(Records excerpted from a collection)
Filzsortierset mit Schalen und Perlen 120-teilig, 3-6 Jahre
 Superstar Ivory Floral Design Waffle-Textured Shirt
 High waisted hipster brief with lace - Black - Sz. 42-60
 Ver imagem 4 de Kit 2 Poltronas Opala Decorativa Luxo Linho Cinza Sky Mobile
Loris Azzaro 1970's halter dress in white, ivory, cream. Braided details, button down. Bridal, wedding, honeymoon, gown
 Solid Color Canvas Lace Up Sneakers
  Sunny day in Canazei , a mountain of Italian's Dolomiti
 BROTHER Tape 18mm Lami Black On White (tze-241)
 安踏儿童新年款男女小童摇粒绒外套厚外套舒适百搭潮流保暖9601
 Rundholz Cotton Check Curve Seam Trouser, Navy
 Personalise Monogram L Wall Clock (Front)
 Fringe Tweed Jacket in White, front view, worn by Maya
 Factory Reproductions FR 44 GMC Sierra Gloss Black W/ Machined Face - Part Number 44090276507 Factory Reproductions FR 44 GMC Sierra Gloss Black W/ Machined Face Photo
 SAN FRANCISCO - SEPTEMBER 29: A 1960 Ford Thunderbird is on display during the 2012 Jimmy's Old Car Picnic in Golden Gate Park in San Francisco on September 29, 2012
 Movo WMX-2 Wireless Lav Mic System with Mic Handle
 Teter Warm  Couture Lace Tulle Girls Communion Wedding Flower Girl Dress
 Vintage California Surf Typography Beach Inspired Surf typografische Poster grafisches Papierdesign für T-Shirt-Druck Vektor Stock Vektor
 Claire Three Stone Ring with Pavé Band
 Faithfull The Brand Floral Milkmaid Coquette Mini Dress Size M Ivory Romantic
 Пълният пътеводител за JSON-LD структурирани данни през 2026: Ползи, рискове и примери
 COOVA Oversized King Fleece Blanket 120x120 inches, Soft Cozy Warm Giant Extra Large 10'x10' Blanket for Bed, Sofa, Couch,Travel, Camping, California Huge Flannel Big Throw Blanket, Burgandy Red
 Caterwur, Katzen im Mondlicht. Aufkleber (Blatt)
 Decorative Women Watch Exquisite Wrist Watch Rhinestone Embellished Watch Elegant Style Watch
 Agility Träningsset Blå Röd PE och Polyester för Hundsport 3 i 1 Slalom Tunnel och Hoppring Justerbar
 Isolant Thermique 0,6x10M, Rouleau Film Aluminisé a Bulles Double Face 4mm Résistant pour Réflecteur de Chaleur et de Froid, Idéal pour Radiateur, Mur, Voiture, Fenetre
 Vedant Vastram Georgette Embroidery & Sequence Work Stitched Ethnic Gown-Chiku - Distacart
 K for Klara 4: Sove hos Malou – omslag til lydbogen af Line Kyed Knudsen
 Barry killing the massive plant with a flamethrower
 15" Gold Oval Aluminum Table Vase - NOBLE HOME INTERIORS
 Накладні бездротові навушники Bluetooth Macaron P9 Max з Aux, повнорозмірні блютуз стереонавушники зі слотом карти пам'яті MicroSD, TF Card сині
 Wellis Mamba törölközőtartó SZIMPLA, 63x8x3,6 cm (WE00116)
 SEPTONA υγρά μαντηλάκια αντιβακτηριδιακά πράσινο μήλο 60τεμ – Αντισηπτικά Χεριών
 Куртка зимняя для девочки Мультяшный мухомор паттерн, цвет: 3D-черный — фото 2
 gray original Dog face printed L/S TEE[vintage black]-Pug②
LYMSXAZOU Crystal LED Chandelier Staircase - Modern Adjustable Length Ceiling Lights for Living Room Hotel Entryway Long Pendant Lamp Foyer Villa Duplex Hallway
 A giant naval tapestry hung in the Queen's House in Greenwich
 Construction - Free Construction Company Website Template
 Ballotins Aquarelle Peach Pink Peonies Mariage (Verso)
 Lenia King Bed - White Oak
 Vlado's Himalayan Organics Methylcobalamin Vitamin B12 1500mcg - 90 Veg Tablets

**Exercise goal**
The answer must be the line containing "Construction - Free" and every line after it to the end of the data, exactly as written.

**Solved problem**
 Construction - Free Construction Company Website Template
 Ballotins Aquarelle Peach Pink Peonies Mariage (Verso)
 Lenia King Bed - White Oak
 Vlado's Himalayan Organics Methylcobalamin Vitamin B12 1500mcg - 90 Veg Tablets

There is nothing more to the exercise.